## Task details:
Return every line of the data below exactly, but do not include the images.

## Data extract:
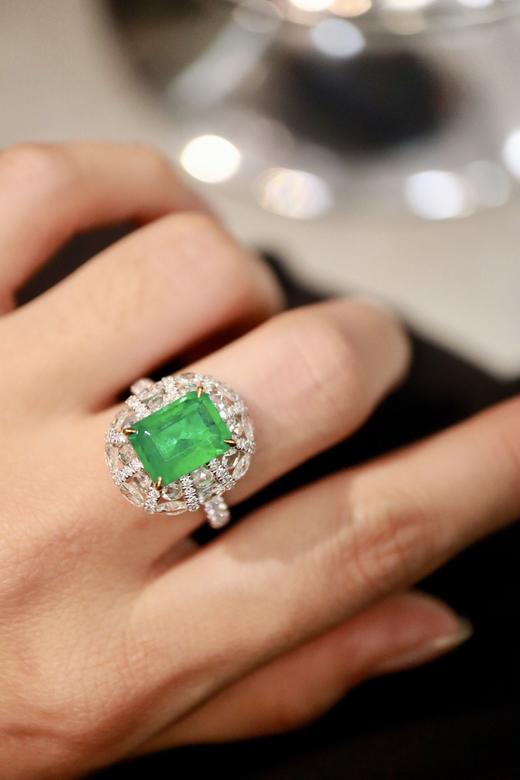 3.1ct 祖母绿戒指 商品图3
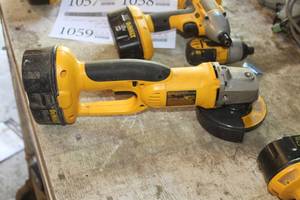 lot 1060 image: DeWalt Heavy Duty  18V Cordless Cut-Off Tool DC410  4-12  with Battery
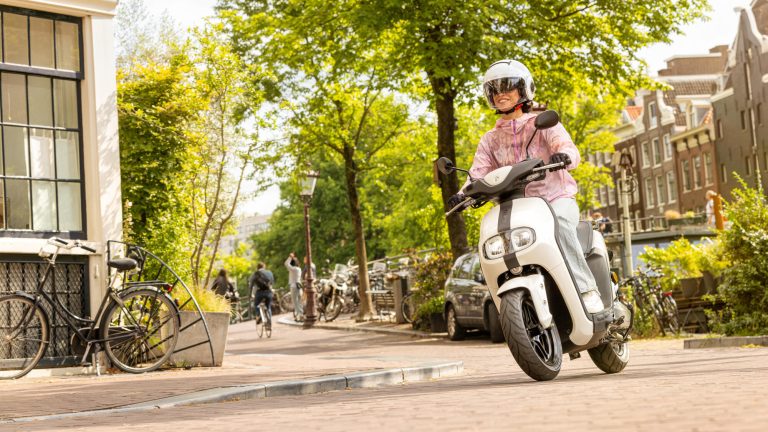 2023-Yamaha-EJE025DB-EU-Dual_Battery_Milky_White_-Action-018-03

## Exercise output:
 3.1ct 祖母绿戒指 商品图3
 lot 1060 image: DeWalt Heavy Duty  18V Cordless Cut-Off Tool DC410  4-12  with Battery
 2023-Yamaha-EJE025DB-EU-Dual_Battery_Milky_White_-Action-018-03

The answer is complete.